Absent express Congressional determination on the adequacy of any particular report, however, a court has no way to ascertain the adequacy of that report in Congress' opinion. A court cannot, for example, intuit or otherwise "divine" the opinion of Congress.
While the seven Congressional plaintiffs in this case contend the report furnished Congress in this case is inadequate under Section 613, that statute speaks of a full report to Congress, which we read to mean Congress as a whole.
We do not, therefore, believe we could judge the report in question here inadequate under Section 613 because the seven Congressional plaintiffs here believe it so.
Nor do we find any evidence that the seven Congressional plaintiffs here have authority to speak for the entire Congress. We have in fact no evidence that these plaintiffs raised the issue of the report in question here with the Congress as a whole or the Congressional leadership.
In addition, putting aside the issue of the justiciability in cases generally of the adequacy of a report under Section 613, we have in this case a fact which argues at the very least for the non-justiciability of the adequacy of the report in question in this particular case. In this particular case, the Speaker of the House, in a letter to the Department of the Army acknowledging receipt of the report in question here, expressly referred to it as the full report which Section 613 requires.

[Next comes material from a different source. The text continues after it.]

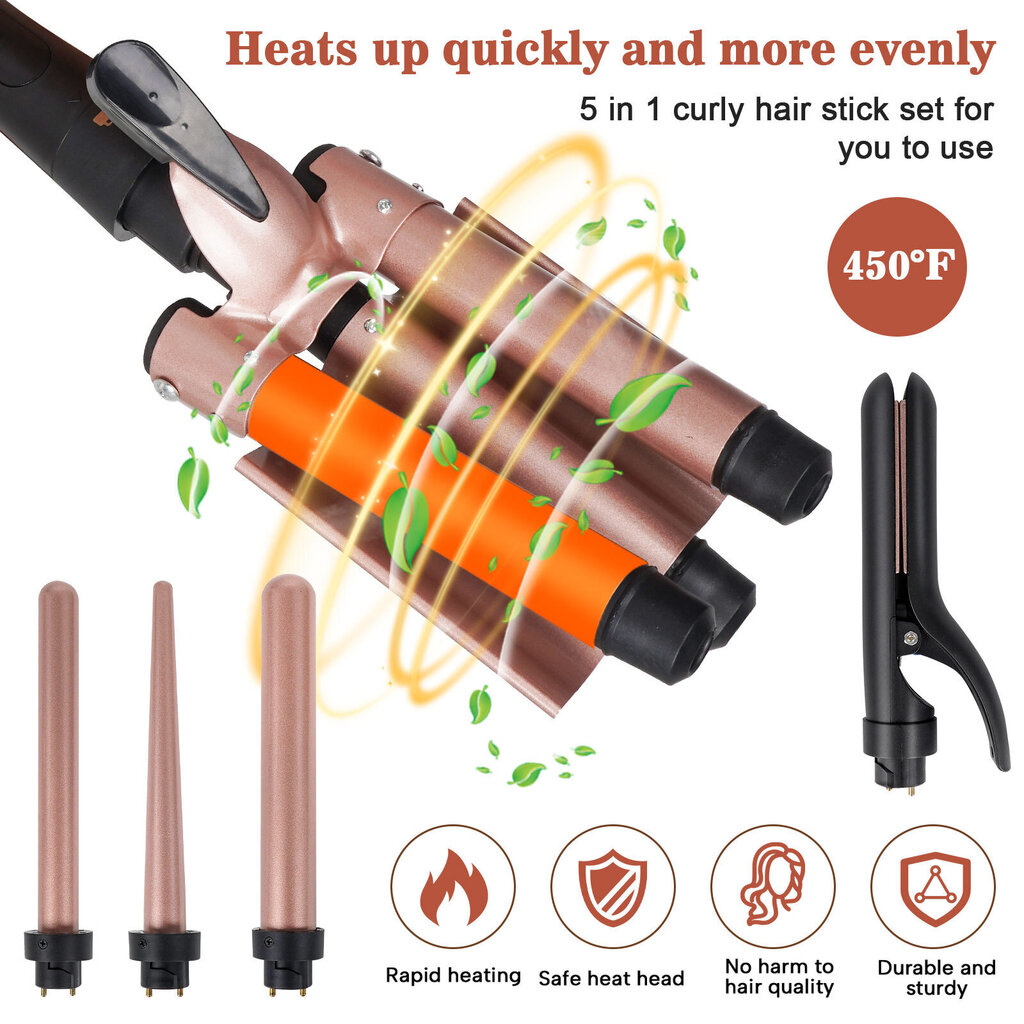 Wand Curling Iron Vaihdettava kolminkertainen kiharrin sauvasarja Kihartaja ja Waver, Curl Hair Styler työkalu hiustyökalulle hinta ja tiedot | Suoristusraudat ja kihartimet | hobbyhall.fi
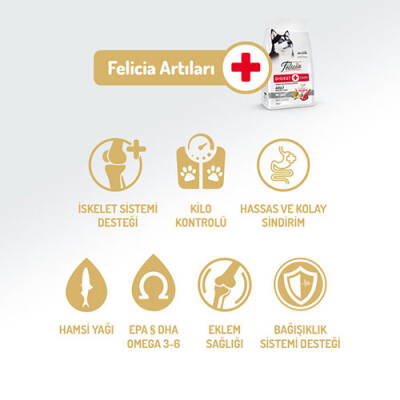 Felicia Hypoallergenic Medium Large Kuzulu Düşük Tahıllı Yetişkin Köpek Maması 6 Kg - 3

Moreover, the report was subsequently accepted on the floor of the House.
Plaintiffs contend we should give no or little weight to the Speaker's letter and the floor acceptance of the report, since plaintiffs contend these actions were done with no true evaluation of whether the report complied with Section 613. It hardly stands, however for a court to attempt to decide whether to attribute to some action of Congress or a Congressional leader a meaning other than the meaning the action objectively conveys. If we were to reach the merits of the sufficiency under Section 613 of defendants' report in this case, the above described letter of the Speaker and the floor acceptance by the House might dictate strongly in favor of finding the report adequate. Since we do not reach this issue, suffice it to say that these actions by the Speaker and the House dictate strongly in favor of our conclusion that a court could face only great difficulty in attempting to decide the adequacy under Section 613 of a report in any particular case, and that this degree of difficulty could render such issue of a report's adequacy non-justiciable.
In reaching our decisions about Congressional intent as to Section 613 and the justiciability of that section, we would add that we have not failed to consider the temporary restraining order issued by Judge Pettine of the United States District Court for the District of Rhode Island in a case similar to this. National Association of Government Employees, Inc., et al v. Elliot L. Richardson, et al (June 12, 1973). Judge Pettine expressly stated in his opinion accompanying that order that the case presented issues of a highly complex nature, and that he entered the temporary restraining order only so as to preserve the status quo for the moment. Judge Pettine's order thus not only did not expressly deal with the issues we have treated in our opinion, but also can not be read to imply a conclusion on these issues different than those which we have reached.
Accordingly, for the reasons stated above, we must deny plaintiffs' request for an injunction and for declaratory relief.